◆ **DATASET CONTENT**:
/---

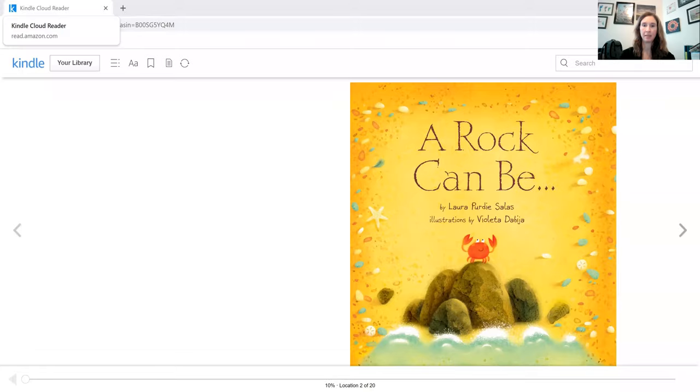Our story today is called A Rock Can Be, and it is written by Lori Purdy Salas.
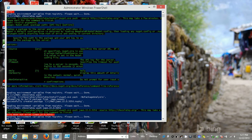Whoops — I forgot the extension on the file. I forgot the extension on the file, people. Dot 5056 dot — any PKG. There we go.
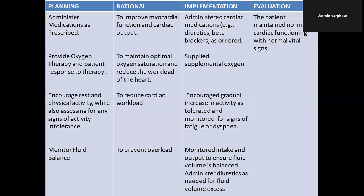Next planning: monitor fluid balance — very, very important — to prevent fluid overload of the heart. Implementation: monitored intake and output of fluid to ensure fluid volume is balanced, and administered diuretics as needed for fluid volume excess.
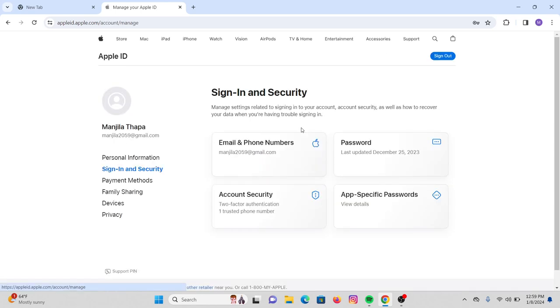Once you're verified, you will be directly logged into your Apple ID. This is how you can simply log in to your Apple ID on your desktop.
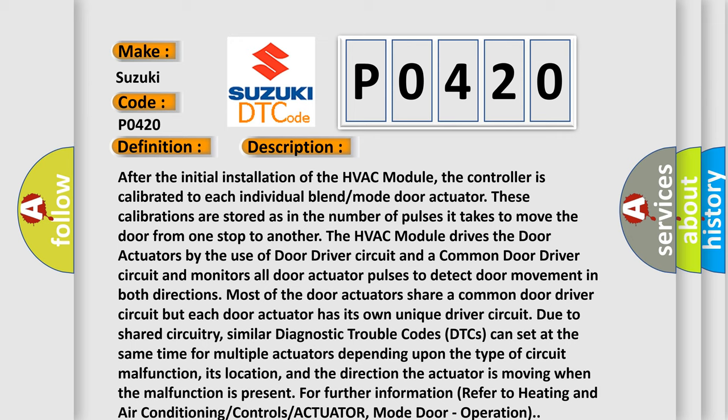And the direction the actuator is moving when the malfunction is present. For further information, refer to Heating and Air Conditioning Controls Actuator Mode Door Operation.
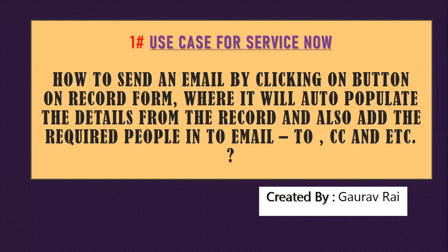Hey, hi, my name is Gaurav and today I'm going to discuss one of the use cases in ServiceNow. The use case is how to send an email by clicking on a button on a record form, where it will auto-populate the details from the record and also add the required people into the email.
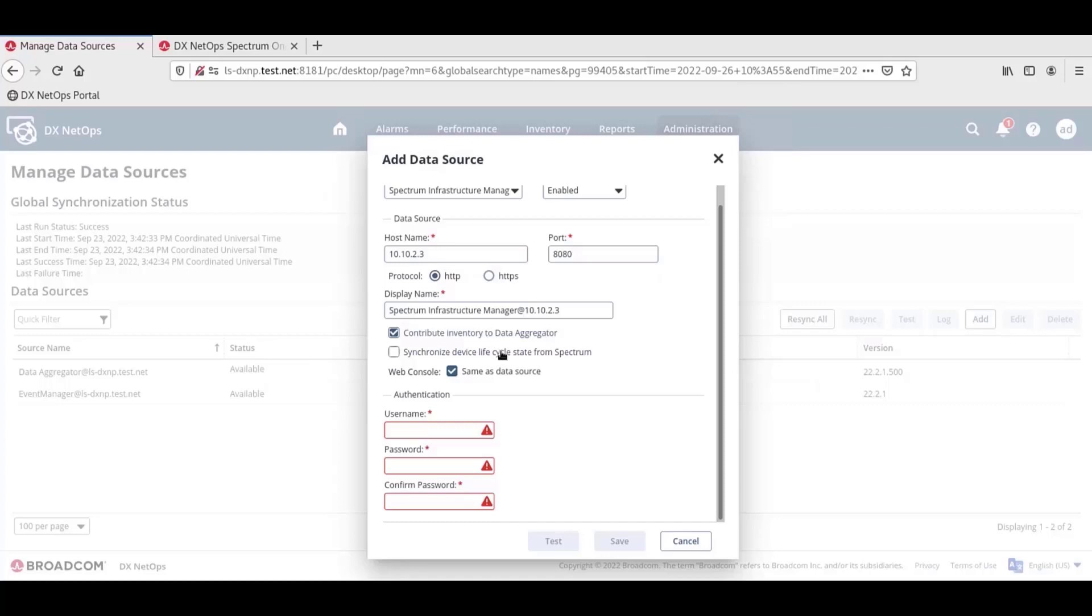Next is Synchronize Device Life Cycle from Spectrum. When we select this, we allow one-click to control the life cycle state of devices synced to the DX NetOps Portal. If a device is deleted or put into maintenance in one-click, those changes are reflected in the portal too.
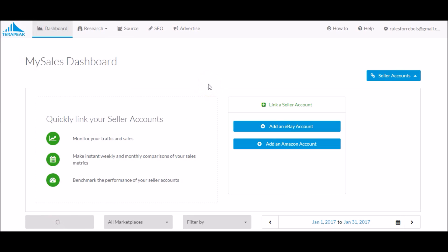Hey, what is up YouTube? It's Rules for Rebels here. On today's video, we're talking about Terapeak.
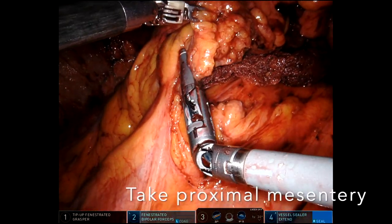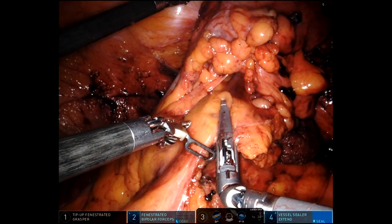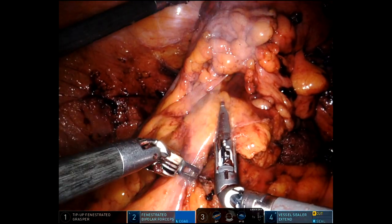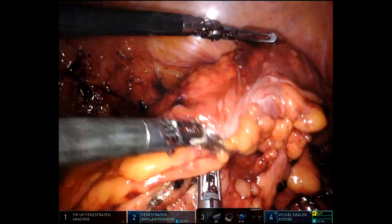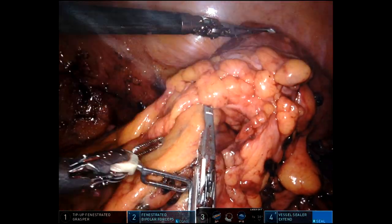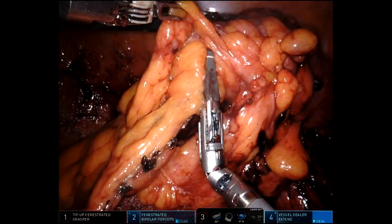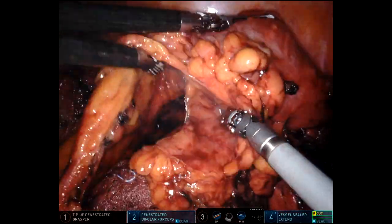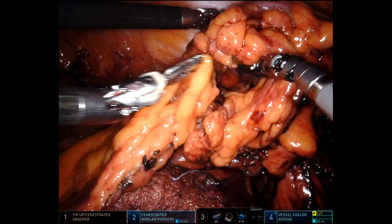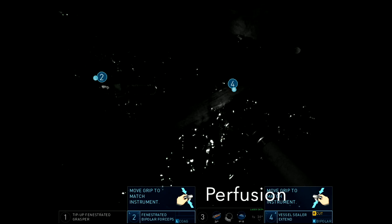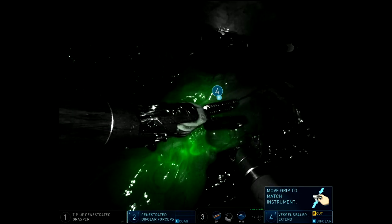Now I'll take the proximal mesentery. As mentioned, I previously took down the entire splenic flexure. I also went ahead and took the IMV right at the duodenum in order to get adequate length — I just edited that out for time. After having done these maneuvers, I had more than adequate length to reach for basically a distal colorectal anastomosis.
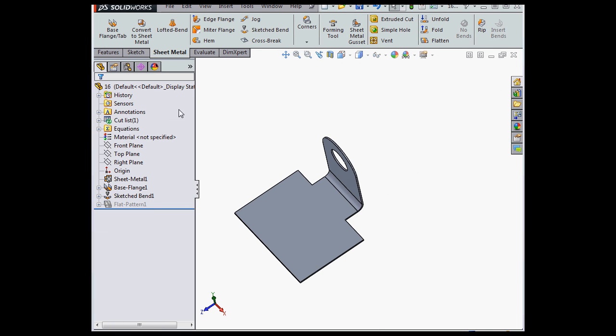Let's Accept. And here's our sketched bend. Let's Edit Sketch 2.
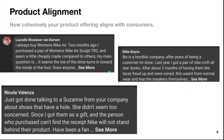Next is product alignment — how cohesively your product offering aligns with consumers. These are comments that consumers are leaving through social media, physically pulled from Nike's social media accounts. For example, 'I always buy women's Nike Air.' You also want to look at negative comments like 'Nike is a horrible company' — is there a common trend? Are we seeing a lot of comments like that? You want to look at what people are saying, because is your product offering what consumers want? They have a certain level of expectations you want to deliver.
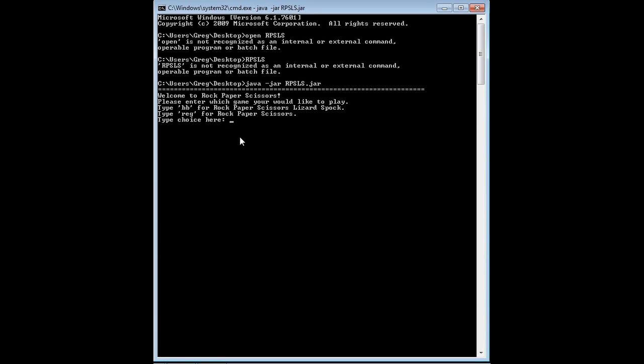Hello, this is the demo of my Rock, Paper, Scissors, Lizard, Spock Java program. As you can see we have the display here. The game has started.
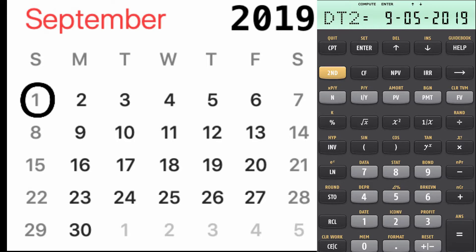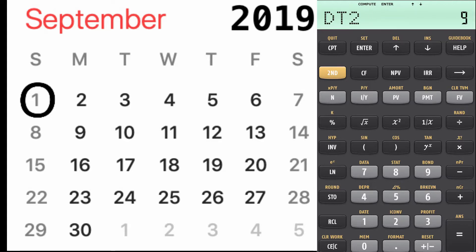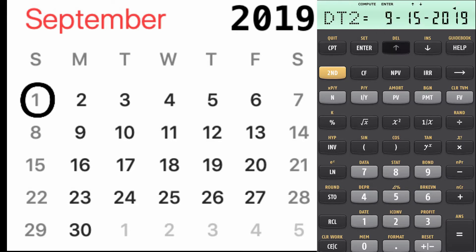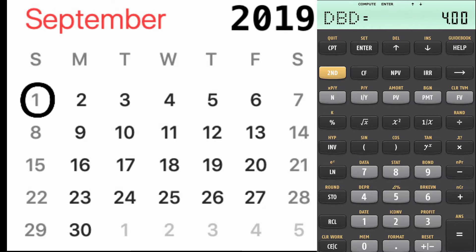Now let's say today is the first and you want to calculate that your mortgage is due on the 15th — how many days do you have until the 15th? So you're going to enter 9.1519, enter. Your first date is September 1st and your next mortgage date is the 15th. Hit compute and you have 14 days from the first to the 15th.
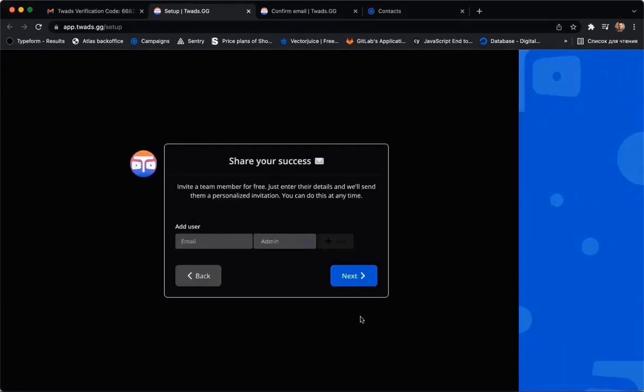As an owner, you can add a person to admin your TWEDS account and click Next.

\---

◆ **DIRECTIONS FOR THIS TASK**:
Everything from the first line of the listing above through the line that contains "And the direction" is to be restated word for word, minus the pictures.

◆ **ANSWER SECTION**:
Our story today is called A Rock Can Be, and it is written by Lori Purdy Salas.
Whoops — I forgot the extension on the file. I forgot the extension on the file, people. Dot 5056 dot — any PKG. There we go.
Next planning: monitor fluid balance — very, very important — to prevent fluid overload of the heart. Implementation: monitored intake and output of fluid to ensure fluid volume is balanced, and administered diuretics as needed for fluid volume excess.
Once you're verified, you will be directly logged into your Apple ID. This is how you can simply log in to your Apple ID on your desktop.
And the direction the actuator is moving when the malfunction is present. For further information, refer to Heating and Air Conditioning Controls Actuator Mode Door Operation.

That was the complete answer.